Monday, April 09, 2012

A Well-Deserved Swat

No, Governor, you don't get to force daycare providers to unionize:


A Ramsey County judge ruled Friday that Gov. Mark Dayton exceeded his authority in ordering a union election for certain in-home child-care providers. 
Judge Dale Lindman declared Dayton's order, issued Nov. 15, "null and void because it is an unconstitutional usurpation of the Legislature's constitutional right to create and or amend laws and as such is a violation of the Separation of Powers doctrine."

So what should Dayton have done?


Lindman's order ruled that the elections ordered by Dayton cannot occur.

"The proper method to proceed is for the matter to be brought to the Legislature," Lindman's order reads. He argued that Dayton's order is an attempt "to circumvent the Legislative process and unionize child care providers by executive order, rather than by adhering to a valid Legislative process."

Since the lege would never agree to this, Dayton needed to do something to pay off his union pals. That's politics, but there was a larger implication to what Dayton was attempting, as Ed Morrissey points out:

Dayton attempted to bypass the state legislature in this effort by declaring through executive order that day-care centers that indirectly receive state aid through their clients are in effect public-sector workplaces — a definition not found in law or in legislative intent. 
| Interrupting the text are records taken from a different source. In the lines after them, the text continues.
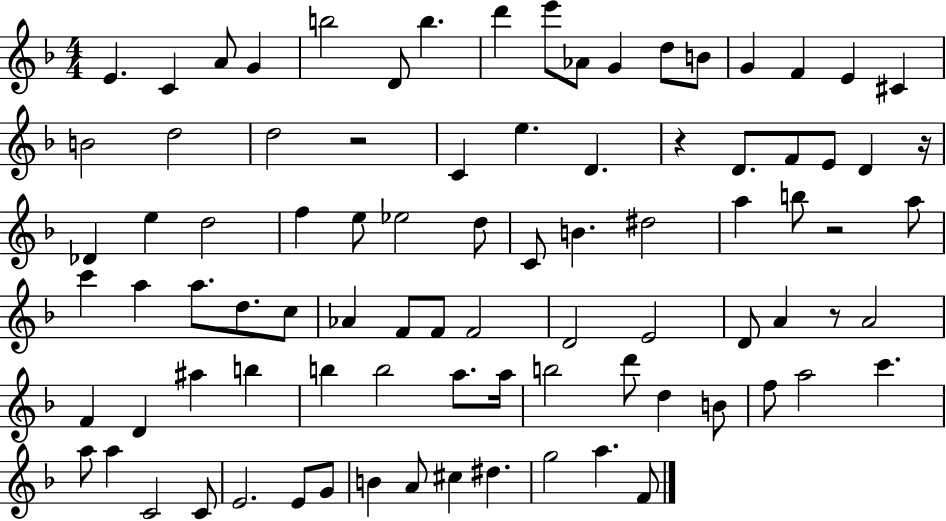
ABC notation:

X:1
T:Untitled
M:4/4
L:1/4
K:F
E C A/2 G b2 D/2 b d' e'/2 _A/2 G d/2 B/2 G F E ^C B2 d2 d2 z2 C e D z D/2 F/2 E/2 D z/4 _D e d2 f e/2 _e2 d/2 C/2 B ^d2 a b/2 z2 a/2 c' a a/2 d/2 c/2 _A F/2 F/2 F2 D2 E2 D/2 A z/2 A2 F D ^a b b b2 a/2 a/4 b2 d'/2 d B/2 f/2 a2 c' a/2 a C2 C/2 E2 E/2 G/2 B A/2 ^c ^d g2 a F/2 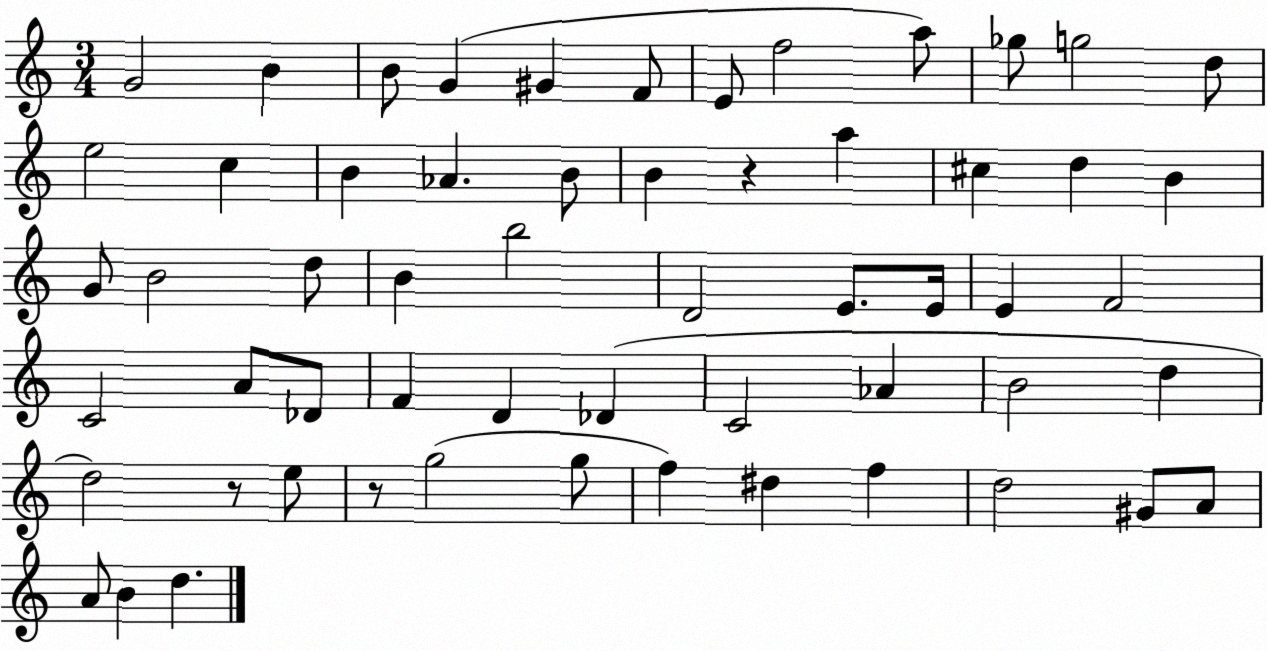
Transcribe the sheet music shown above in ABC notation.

X:1
T:Untitled
M:3/4
L:1/4
K:C
G2 B B/2 G ^G F/2 E/2 f2 a/2 _g/2 g2 d/2 e2 c B _A B/2 B z a ^c d B G/2 B2 d/2 B b2 D2 E/2 E/4 E F2 C2 A/2 _D/2 F D _D C2 _A B2 d d2 z/2 e/2 z/2 g2 g/2 f ^d f d2 ^G/2 A/2 A/2 B d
And what would that mean? Morrissey:

[H]ad Dayton succeeded in his imposition of public-worker status, the precedent established would have been so broad as to threaten the very notion of a private-sector workforce altogether.  Where would the limits have been?  Fast-food restaurants that take food-stamp debit cards?  Medical care facilities that accept Medicaid patients? Just as in ObamaCare at the federal level, it would be difficult if not impossible to find a limitation of power in that kind of precedent.
Which is the idea, of course. We all owe Judge Lindman thanks.



1 comment:

Brad Carlson said...

When Dayton was voted Time magazine's worst Senator in 2006, one of the many criticisms was how he "confounded his colleagues by complaining about basic facts of the job, such as his limited power in a chamber where authority derives from seniority."

Clearly he was sick the day his HS government class discussed that whole "check and balance" thingy.